Okay, let me explain a little bit detailed.
I have two datasets, one is energy, this data set includes the energy consumption. The sampling rate is irregular, can be changed 5 to 10 mins. So I need to create timebuckets for matching. The consumption value is already difference of cumulatives. So, I only need to have sum of the related timebuckets.
Second data set is the production quantities. It also has irregular sampling rate. I created timebuckets, but I only need the latest value of the related timebucket, to complete the calculation. but when there is no production, there won't be any data. There we have problem. I try to create timebuckets and match it (left join to energy dataset) with the energy dataset, in order to catch and filter the energy consumption when there is no production, and energy per product KPIs and so on.
for example, when you run the script, you will see that, there is no data for 00:30 timebucket.

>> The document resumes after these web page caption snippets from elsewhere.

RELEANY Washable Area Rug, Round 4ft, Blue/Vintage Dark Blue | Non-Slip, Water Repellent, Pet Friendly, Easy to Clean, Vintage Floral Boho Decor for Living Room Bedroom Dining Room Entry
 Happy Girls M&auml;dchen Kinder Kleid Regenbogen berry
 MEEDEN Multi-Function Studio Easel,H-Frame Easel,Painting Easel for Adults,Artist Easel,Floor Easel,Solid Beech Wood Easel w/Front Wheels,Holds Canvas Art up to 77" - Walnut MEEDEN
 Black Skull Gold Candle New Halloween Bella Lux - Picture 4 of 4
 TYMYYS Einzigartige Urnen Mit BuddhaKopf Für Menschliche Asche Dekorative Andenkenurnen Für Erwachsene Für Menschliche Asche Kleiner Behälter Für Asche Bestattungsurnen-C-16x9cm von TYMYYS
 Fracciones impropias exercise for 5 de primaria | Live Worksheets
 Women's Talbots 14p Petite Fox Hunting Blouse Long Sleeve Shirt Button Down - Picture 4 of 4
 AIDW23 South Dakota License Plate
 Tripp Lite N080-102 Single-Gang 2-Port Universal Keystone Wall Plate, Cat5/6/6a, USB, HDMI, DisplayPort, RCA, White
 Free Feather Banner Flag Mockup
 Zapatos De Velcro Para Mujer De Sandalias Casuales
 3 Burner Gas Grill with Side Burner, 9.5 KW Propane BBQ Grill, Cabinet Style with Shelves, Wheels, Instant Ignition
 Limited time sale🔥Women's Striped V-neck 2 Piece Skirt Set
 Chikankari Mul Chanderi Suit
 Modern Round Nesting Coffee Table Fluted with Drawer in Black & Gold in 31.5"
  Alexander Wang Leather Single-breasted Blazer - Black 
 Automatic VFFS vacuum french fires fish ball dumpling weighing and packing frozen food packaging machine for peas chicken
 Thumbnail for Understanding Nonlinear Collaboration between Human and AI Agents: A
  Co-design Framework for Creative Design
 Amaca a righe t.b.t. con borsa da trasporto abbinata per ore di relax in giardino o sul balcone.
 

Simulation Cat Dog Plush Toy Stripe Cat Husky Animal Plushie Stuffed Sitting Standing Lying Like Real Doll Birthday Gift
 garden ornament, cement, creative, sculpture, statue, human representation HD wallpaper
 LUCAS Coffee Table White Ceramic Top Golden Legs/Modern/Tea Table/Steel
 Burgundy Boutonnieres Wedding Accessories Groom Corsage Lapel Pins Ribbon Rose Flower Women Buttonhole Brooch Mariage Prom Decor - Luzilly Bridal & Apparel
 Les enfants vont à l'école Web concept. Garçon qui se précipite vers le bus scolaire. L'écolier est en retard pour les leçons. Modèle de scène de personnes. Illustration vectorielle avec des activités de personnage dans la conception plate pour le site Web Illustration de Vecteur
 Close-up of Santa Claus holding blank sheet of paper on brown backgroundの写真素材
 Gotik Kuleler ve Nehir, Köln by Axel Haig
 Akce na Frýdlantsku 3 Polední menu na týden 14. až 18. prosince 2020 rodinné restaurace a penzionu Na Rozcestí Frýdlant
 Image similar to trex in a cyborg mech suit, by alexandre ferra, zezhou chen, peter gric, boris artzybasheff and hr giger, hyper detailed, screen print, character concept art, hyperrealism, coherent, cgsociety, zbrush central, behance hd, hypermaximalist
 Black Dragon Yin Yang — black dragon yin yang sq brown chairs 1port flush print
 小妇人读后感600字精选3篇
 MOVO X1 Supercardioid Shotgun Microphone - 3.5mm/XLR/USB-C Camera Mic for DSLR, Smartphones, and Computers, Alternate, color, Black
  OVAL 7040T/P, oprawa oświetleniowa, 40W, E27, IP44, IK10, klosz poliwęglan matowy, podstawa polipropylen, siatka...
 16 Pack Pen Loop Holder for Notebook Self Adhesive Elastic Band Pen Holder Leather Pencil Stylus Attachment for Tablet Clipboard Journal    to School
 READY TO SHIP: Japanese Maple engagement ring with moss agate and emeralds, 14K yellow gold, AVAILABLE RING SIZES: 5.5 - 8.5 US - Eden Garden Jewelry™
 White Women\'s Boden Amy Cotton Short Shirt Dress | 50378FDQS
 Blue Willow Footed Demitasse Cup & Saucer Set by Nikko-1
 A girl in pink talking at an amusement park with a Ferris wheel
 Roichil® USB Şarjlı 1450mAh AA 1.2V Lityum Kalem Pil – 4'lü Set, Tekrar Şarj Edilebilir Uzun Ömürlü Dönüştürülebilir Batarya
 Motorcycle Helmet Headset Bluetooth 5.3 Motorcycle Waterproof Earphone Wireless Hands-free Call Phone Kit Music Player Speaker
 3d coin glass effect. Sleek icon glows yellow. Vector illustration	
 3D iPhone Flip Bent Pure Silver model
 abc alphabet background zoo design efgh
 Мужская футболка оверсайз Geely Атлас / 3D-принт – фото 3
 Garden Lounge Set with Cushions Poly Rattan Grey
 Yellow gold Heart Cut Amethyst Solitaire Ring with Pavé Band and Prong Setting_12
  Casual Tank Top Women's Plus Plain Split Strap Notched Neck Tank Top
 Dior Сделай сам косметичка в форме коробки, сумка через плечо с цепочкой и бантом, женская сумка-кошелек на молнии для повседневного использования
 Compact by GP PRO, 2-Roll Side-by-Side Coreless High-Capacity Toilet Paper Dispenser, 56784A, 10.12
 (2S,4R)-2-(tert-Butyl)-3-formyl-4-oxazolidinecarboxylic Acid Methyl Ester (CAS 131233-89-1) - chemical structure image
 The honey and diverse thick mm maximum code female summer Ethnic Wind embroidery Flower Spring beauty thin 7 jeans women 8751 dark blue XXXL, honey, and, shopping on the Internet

To complete the calculate the difference, I need to put 135, inside of the 00:30 timebucket. means that, if there is no data I need to put the latest value.
Hope that I clarified.
Why don't you just use sum(Energy) in the first expression?
Second expression can be coalesce(max(CumulativeQty_New),above(max(CumulativeQty_New))) - this should solve the problem in that case. but you might still have problems if there are multiple null values in a row.
thanks for reply, but still does not work.
On the other hand, this is just a simple dataset for explaining and to be reproduceable for the contributors. Unfortunately in real case, I have more than 1 empty rows.
Hi,
I copied your script and tested it. for me it works.